Feb. 22, 2018 By Tara Law

Cycling activists will lead a ride down Queens Boulevard next month to promote female bike riding and protected bicycle lanes.

The ride is timed to coincide with the DOT’s proposal for protected bike lanes on Queens Boulevard in Forest Hills as well as the DOT’s plan–now stalled–for lanes on Skillman and 43rd avenues in Sunnyside.

The ride will also promote women bike riders and the need to encourage more women to use bikes.

The 7-mile ride will begin at Queensbridge Park in Long Island City at 11 a.m. on March 25 and will conclude with a rally at the Women’s Plaza by Queens Borough Hall. The plaza is located at the intersection of Union Turnpike and Queens Boulevard, close to where the proposed Queens Boulevard bicycle lane extension—known as phase IV of the Vision Zero program—will end.

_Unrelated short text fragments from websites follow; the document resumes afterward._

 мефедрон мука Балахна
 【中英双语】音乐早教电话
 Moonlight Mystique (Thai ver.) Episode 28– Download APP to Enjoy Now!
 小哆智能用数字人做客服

The ride will start near the Queensboro Bridge and go up through Sunnyside along Skillman/43rd avenues, where the DOT announced plans to add protected bicycle lanes in November. After Sunnyside business owners and residents expressed opposition to the plans, the DOT halted the project.

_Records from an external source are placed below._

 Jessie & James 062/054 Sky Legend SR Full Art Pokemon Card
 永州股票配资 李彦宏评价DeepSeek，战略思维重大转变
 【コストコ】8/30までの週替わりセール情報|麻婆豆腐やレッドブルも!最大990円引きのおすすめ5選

Riders will also follow the new protected bike lanes along Queens Boulevard—from Roosevelt Avenue in Woodside to Yellowstone Boulevard in Forest Hills. They will continue along the boulevard using the stretch between Yellowstone Boulevard and 80th Road where the DOT plans to install protected bicycle lanes as part of Phase IV.

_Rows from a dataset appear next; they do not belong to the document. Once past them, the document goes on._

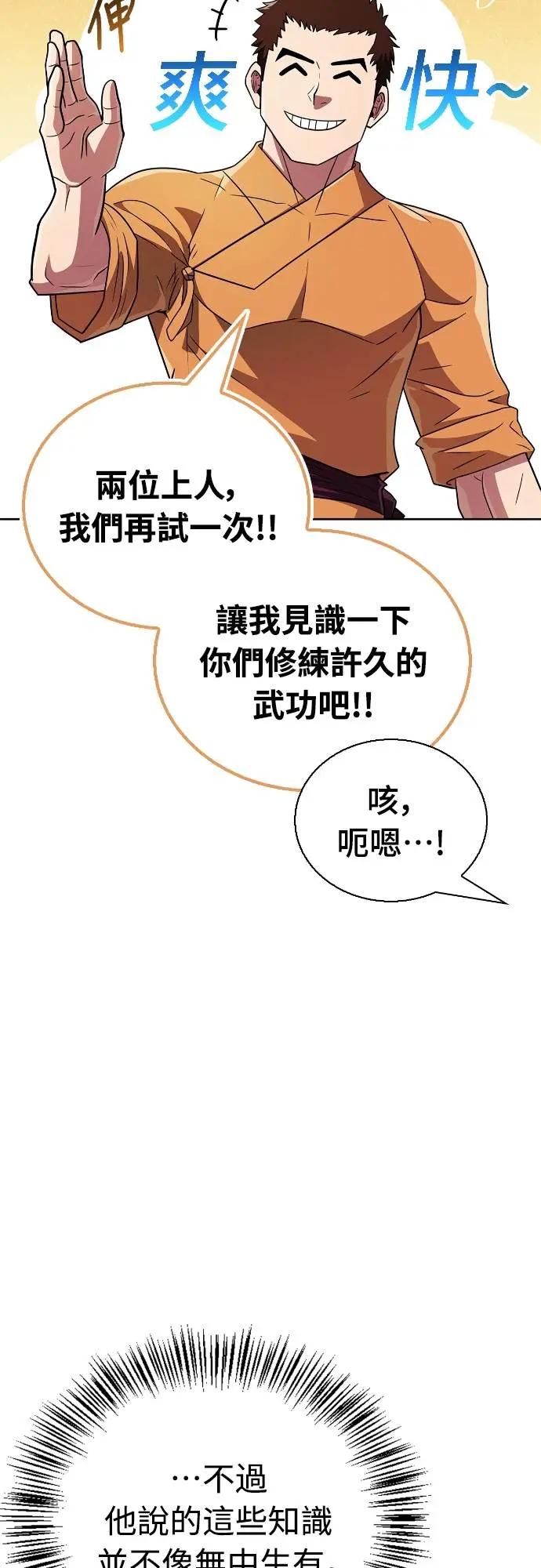 《少林天才健身课》第25话 这种东西真的有效吗_ 第36页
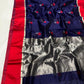 Pattu Silk Chanderi saree with broad red contrast border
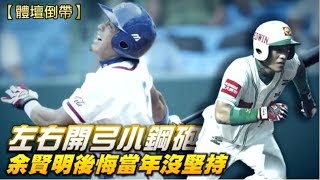 [討論] 速度反而限制陳晨威的打擊嗎？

The ride is being organized by the “Queens Bike Family,” a consortium of 15 biking and street safety organization including Families for Safe Streets and Transportation Alternatives Queens Volunteer Committee. Both men and women are invited to ride.

Event organizer Laura Shepard, a Woodside resident who lived in Forest Hills until a few months ago, said that the organizers hope to combat the perception that only men bike. Shepard is a Transportation Alternatives volunteer, a regular bike rider and an advocate for protected bicycle lanes.

“Women, girls and gender-nonconforming people do ride,” said Shepard. “We want to show that women bike in the city.”

Shepard said that fewer women bike than men, and said that creating infrastructure— such as protected bike lanes—will encourage more women to ride bikes.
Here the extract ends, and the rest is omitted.